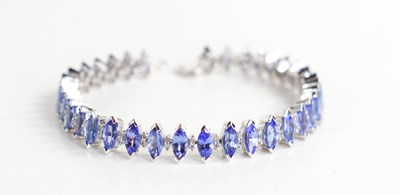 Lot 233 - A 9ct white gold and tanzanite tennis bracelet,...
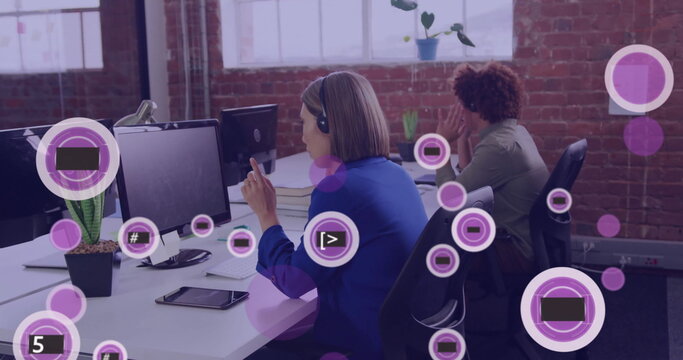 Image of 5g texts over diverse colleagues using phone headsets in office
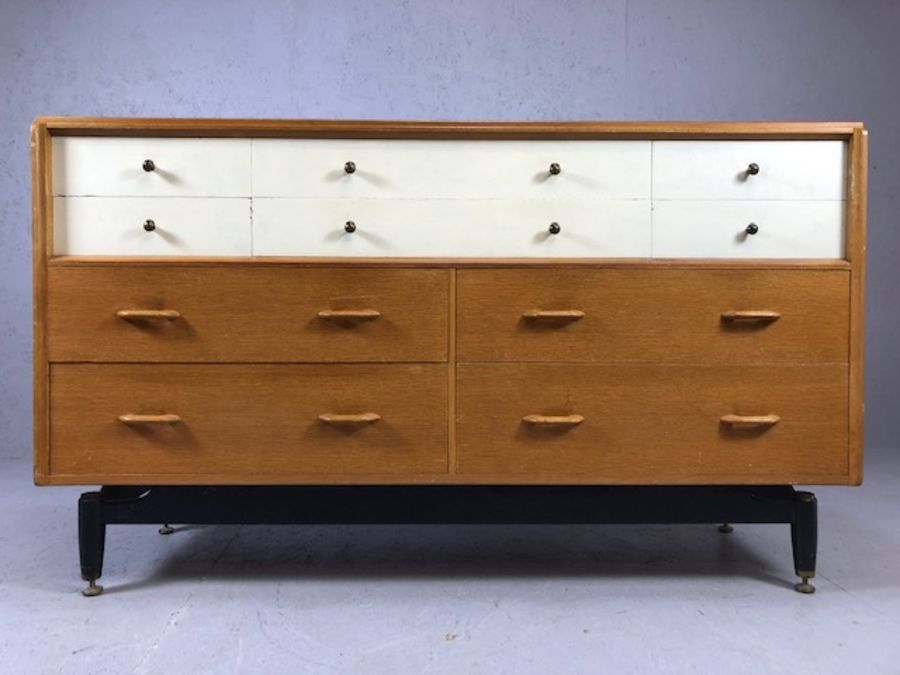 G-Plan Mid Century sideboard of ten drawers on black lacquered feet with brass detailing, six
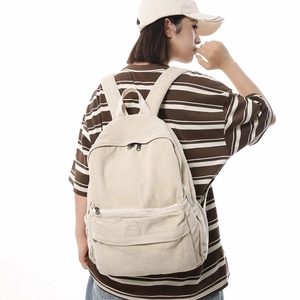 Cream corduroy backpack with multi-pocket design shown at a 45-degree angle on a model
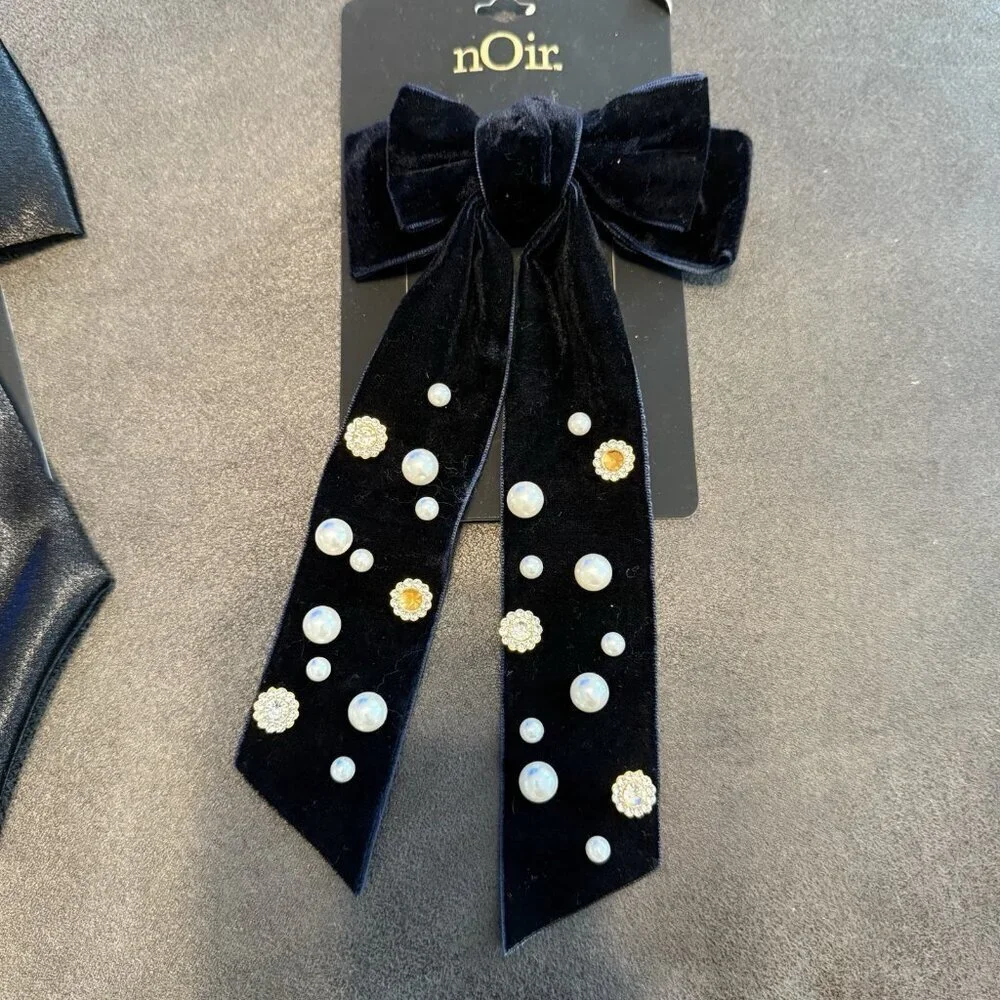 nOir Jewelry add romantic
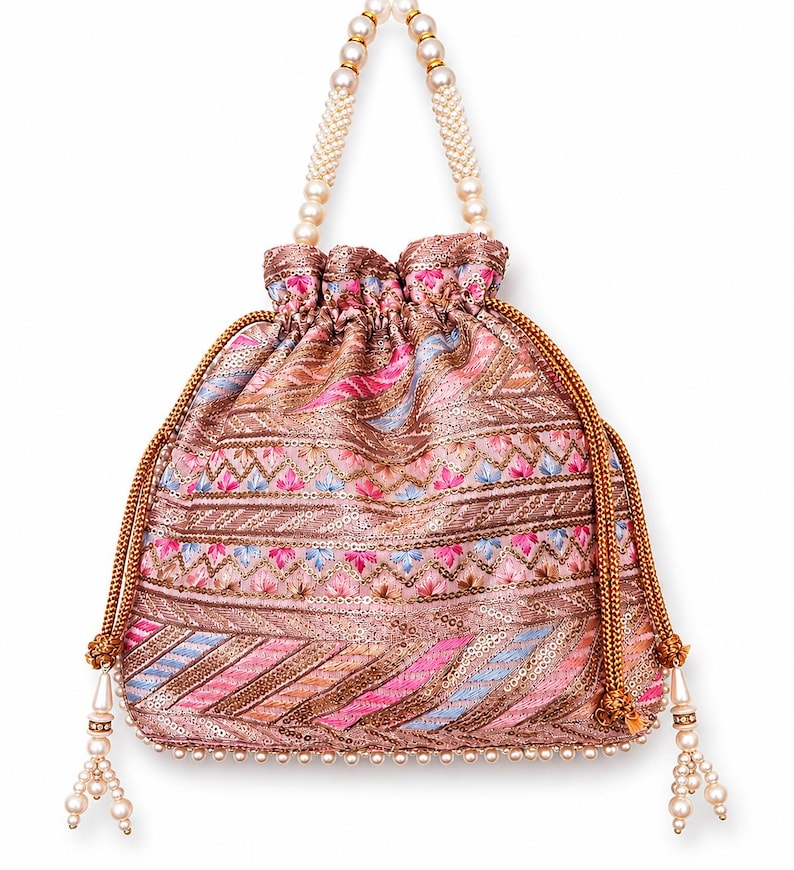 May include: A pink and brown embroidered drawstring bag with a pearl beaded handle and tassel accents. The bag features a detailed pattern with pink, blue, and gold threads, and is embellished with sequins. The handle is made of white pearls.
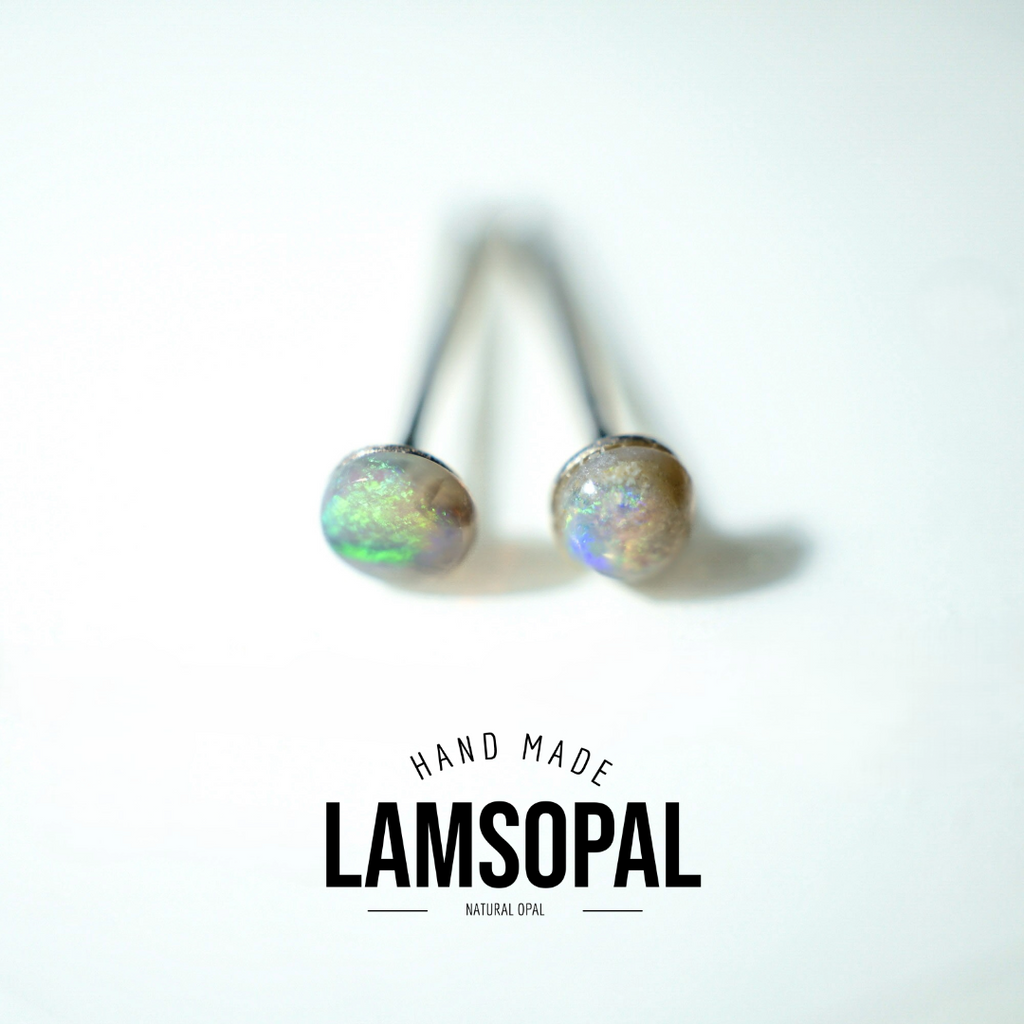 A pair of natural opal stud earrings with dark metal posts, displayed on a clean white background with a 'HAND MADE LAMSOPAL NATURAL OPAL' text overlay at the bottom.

==

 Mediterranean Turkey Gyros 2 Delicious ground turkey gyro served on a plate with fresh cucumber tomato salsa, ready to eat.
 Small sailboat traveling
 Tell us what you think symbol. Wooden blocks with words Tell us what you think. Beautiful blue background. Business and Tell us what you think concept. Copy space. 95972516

• _Work instruction_
With the pictures removed from your copy, retype the lines above from the one that contains "Lot 233 - A" through the one that contains "G-Plan Mid Century", exactly.

• _Exercise output_
 Lot 233 - A 9ct white gold and tanzanite tennis bracelet,...
 Image of 5g texts over diverse colleagues using phone headsets in office
 G-Plan Mid Century sideboard of ten drawers on black lacquered feet with brass detailing, six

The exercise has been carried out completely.